Karl Kerschl page from "Wednesday Comics'

"We're gonna bring back radio next," Chiarello joked.Gibbons pointed out that newspapers originally started running comic strips to attract new readers. "With newspaper sales going down, it would be interesting if newspapers started running this stuff to try and boost their sales." A fan asked what artist each of the panelists would like to see contribute to a future edition of "Wednesday Comics." The panel mentioned Aragones, Cooke, Jordi Benet, Brian Bolland, Charles Burns, George Perez and Walt Simonson, among others. In terms of characters for a future edition, the panel mentioned Jonah Hex and Martian Manhunter."When I went in, Mark wanted me to do Dr. Fate," Pope said. Pope wanted to tackle Kamandi, but when he heard Gibbons was doing it, he said he didn't mind. Allred said he'd like to create a Doom Patrol or New Gods story, while Busiek said he'd like to write The Witching Hour. Chiarello said a lot has been made about the uniqueness of the project's format. "It absolutely was created as a reading experience; that's the impetus for it, that's the whole thing. I don't care if people are upset that it's not mint." He said his main concern was that people were reading it and enjoying it. In terms of price, Chiarello pointed out that newsprint is more expensive than other paper because it's a rarity.

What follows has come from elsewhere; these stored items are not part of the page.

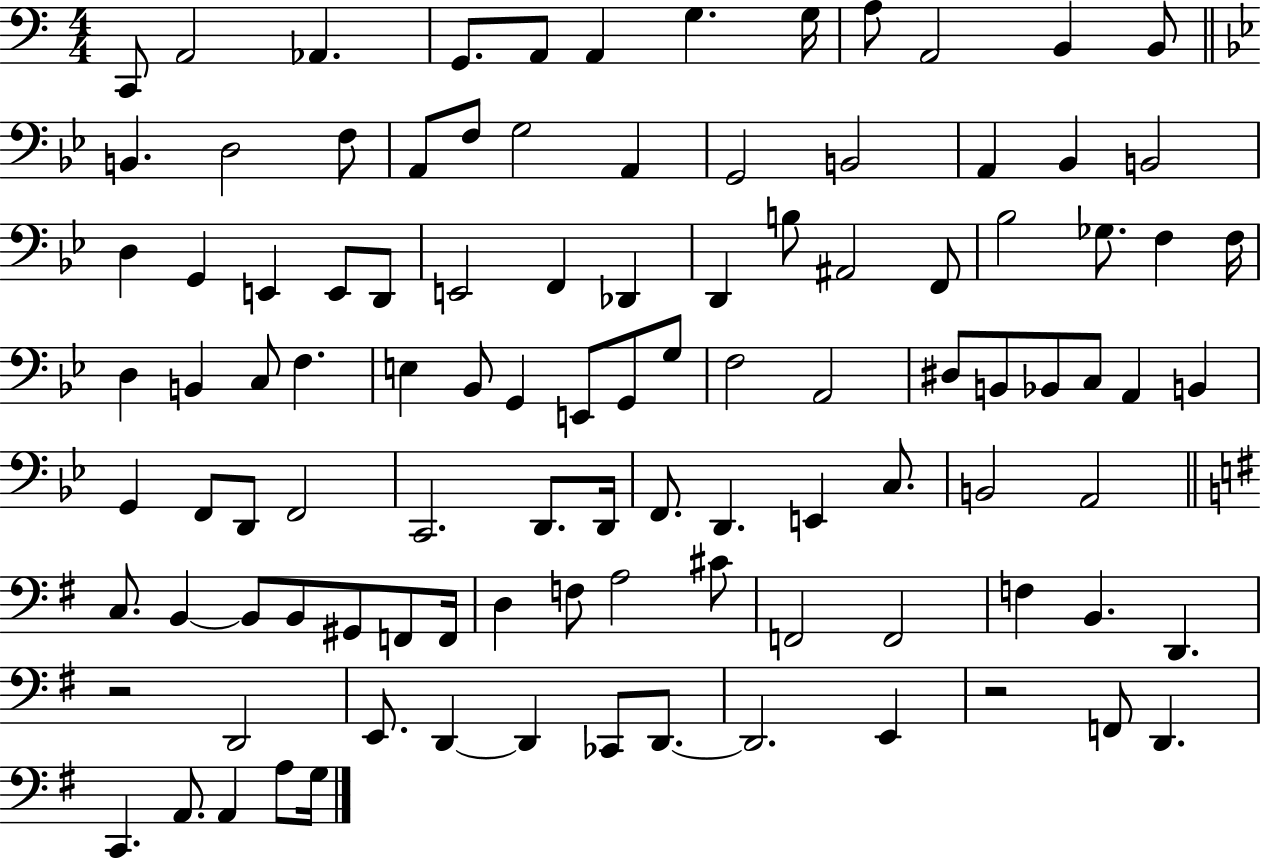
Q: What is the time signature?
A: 4/4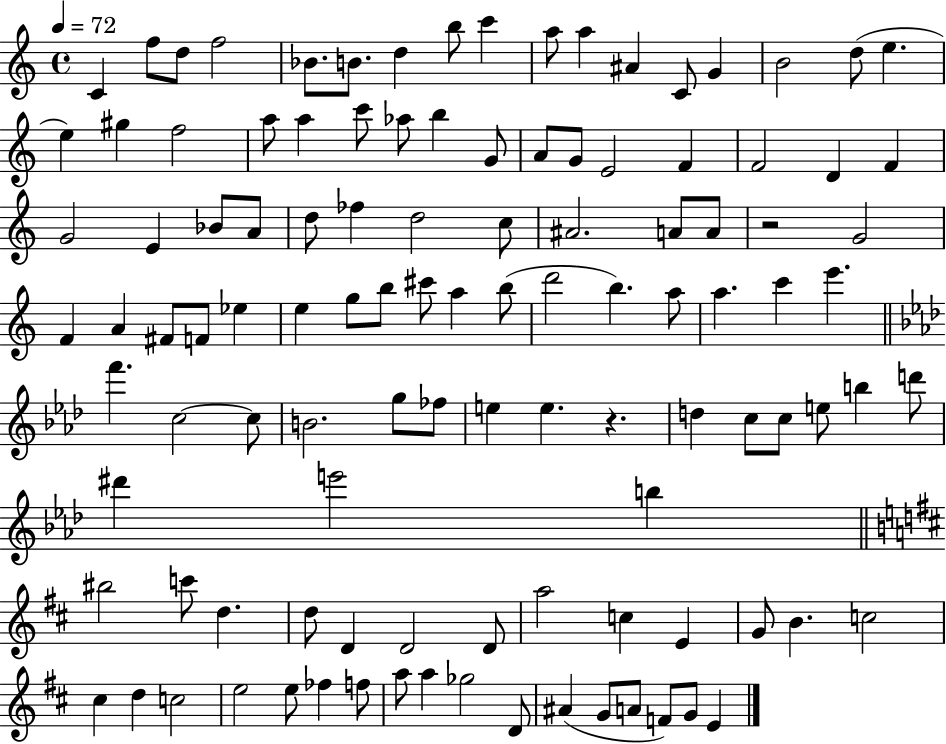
{
  \clef treble
  \time 4/4
  \defaultTimeSignature
  \key c \major
  \tempo 4 = 72
  c'4 f''8 d''8 f''2 | bes'8. b'8. d''4 b''8 c'''4 | a''8 a''4 ais'4 c'8 g'4 | b'2 d''8( e''4. | \break e''4) gis''4 f''2 | a''8 a''4 c'''8 aes''8 b''4 g'8 | a'8 g'8 e'2 f'4 | f'2 d'4 f'4 | \break g'2 e'4 bes'8 a'8 | d''8 fes''4 d''2 c''8 | ais'2. a'8 a'8 | r2 g'2 | \break f'4 a'4 fis'8 f'8 ees''4 | e''4 g''8 b''8 cis'''8 a''4 b''8( | d'''2 b''4.) a''8 | a''4. c'''4 e'''4. | \break \bar "||" \break \key aes \major f'''4. c''2~~ c''8 | b'2. g''8 fes''8 | e''4 e''4. r4. | d''4 c''8 c''8 e''8 b''4 d'''8 | \break dis'''4 e'''2 b''4 | \bar "||" \break \key b \minor bis''2 c'''8 d''4. | d''8 d'4 d'2 d'8 | a''2 c''4 e'4 | g'8 b'4. c''2 | \break cis''4 d''4 c''2 | e''2 e''8 fes''4 f''8 | a''8 a''4 ges''2 d'8 | ais'4( g'8 a'8 f'8) g'8 e'4 | \break \bar "|."
}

He also said he had to pay the artists double their rate "because they're drawing so big.""I was a little daunted by the almost $4 price until I started reading it," Conner said. "It's a lot of reading. It's a good read. It's a meaty read. You get a lot out of it.""It's just a nice object to own," Gibbons said. "Most comics are okay, but this is something special.""You can wrap a fish with it," Berganza joked. One consistent theme running the panel was the respect the creators have for Mark Chiarello. "I want to say this for the record, [there are] very few editors like Mark in the business," Palmiotti said. "And this gig for me, it's about making Mark happy. Other than Amanda, obviously, because we're working together, all I worry that is Mark going to like this, and I don't really worry about every editor like that. I can honestly say that, for me, because I knew [the late] Archie Goodwin, it's like the baton was handed over to Mark on this for me. And working for Mark is the same thing as Archie. I just wanted to please Archie when I worked for Archie. I just want to please Mark at this point."